Ishmael stood tall once more, the cruel awakening of one entombed in a Dreadnought carapace was often suffered, yet he chided himself on letting his being slip so easily during his most recent slumber; only the chapter records sparked the neural pathways that had been dormant for so long. He again looked like nothing more than a statue, and his mind was in fact far away, observing the briefing with a keen interest, and rapidly taking into account what may have changed since his last time amongst those brothers who still walked beneath the emperor's gaze. _This Zeros is with holding information_ the consequences of that simple fact could be both inconsequential or diabolical. Either the captain was a fool, and that he did not strike Ishmael as one, or he did not trust all who stood before him; that indicated that he had not fought with these brothers before, so Ishmael was not the only new face for the mission. The presense of a tech priest indicated the interest of the mechanicum, and the guardswoman who was honoured to stand amongst immortals implied that significant manpower would be required, a planetary invasion perhaps? By the time the briefing files had made their sluggish way to Ishmael's conscience, they mainly already confirmed what he had figured out for himself, the subtle feeling of another being watching the meeting from afar also told him of this mission's importance: he was not the only one being awakened.


----------



## Farseer Ulthris (Sep 6, 2008)

Touching upon the captain's mind, Azamiah did not like the sound of the chances Zero's would take to accomplish his task. Nearby, the Librarian sensed a like-minded individually, familiar too. _Ishmael_, thought Azamiah, he knew him from the days before his internment and continued to know him after Ishmael's. The Librarian reached out his mind towards his battle-brother _Hail Brother, I see you're awakening was a bit rough. I'd feel the same too. Oh wait I just did_. Azamiah chuckled to himself, his voice amplified by the Vox. It boomed out and made an attendant serf jump in shock. "Apologies little man, I forget my voice has been amplified, sadly it does'nt sound like an angel anymore. Blast I sound like a drunken Ork warboss". The serf let out a nervous laughter, it was more obvious than an enraged grox.
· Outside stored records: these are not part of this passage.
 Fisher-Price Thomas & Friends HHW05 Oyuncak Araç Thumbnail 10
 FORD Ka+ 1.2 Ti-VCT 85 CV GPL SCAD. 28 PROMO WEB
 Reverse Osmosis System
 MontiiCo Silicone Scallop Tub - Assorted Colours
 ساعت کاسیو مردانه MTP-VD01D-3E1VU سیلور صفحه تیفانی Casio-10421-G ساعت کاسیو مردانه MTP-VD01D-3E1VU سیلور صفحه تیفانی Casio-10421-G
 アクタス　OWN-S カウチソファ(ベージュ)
The sound of steam echoed throughout the chamber, the pipes were receding from him. Azamiah flexed his blood fist, the energy crackled from it. Satisfied, he turned his cameras to his force weapon, etched in tribal glyphs from his homeworld. The Librarian turned his mind to the warp, from that moment, the weapon burst into flames fuelled by his psychic might.
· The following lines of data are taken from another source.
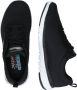 Skechers flex appeal 3.0 hardloopschoenen zwart dames - Thumbnail 92
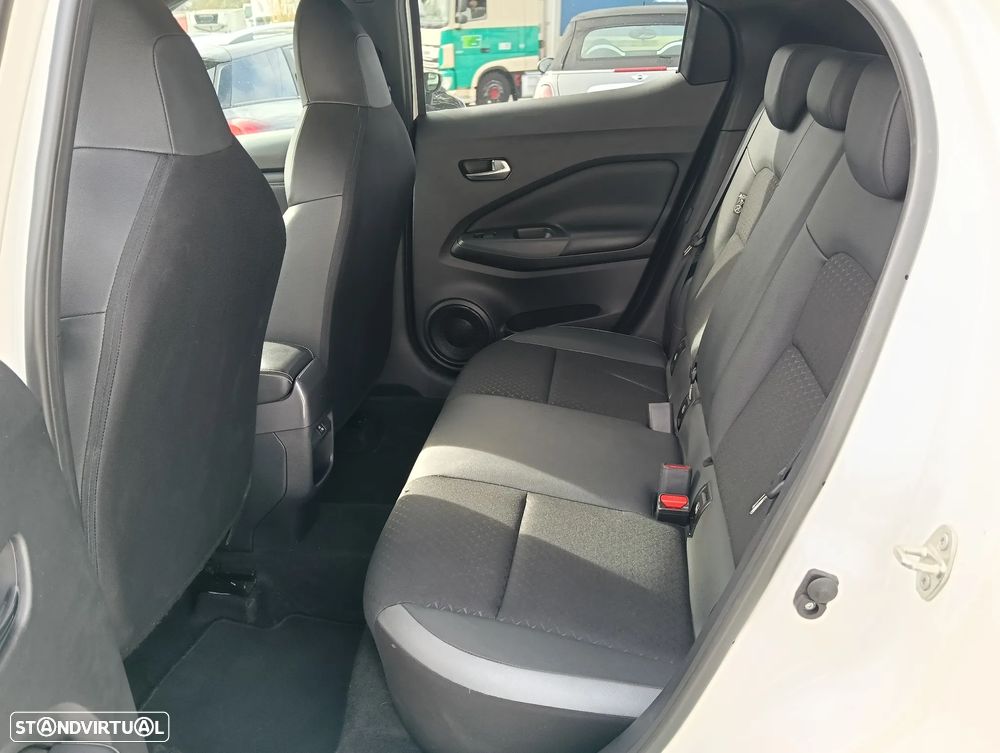 Nissan Juke DIG-T 117 N-Design - 16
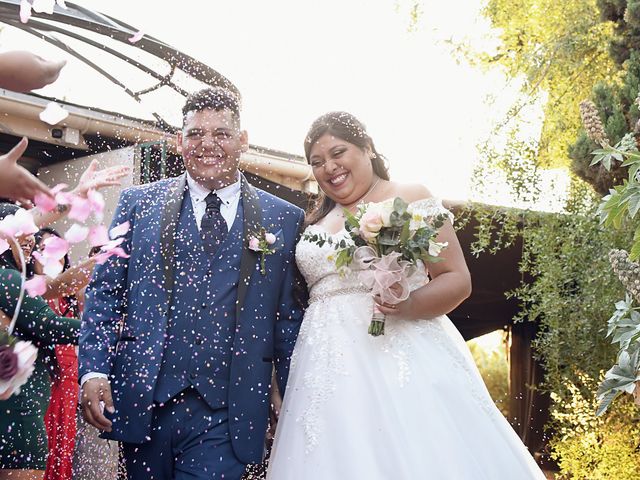 El matrimonio de Karen y Matías en Puente Alto, Cordillera 44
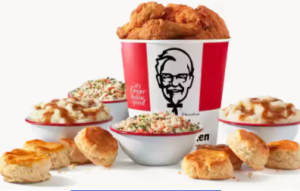 16 pc. Chicken Meal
Content that all was satisfactory, Azamiah stepped forth, the dreadnought's feet drumming loudly against the adamantium floor. "Please stop Brother-Librarian", said the Techmarine "The spirits have'nt been fully appeased they...". Azamiah's booming voice cut off the Techmarine "I'm certain they will understand, besides I don't think they want to be near me anymore. Then a series of vox calls came into the dreadnought.


----------



## BloodAngelZeros (Jul 1, 2008)

Zeros shifted his gaze back to captain Darius as he spoke, "That may be, but I'm not in the habit of negotiating. Our primary objective is to secure the STC. If locals are putting up resistance, whether it be an all out attack or a stubborn dig-in, I plan to strike as quick and as hard as possible so as not to put the STC in danger. With the new technology, our chapter will be able to save millions if not billions more of the Emperor's faithful. To me it is worth sacrificing a wayward planet." The sound of Zeros' voice was unchanging, showing that the plan would not be altered. 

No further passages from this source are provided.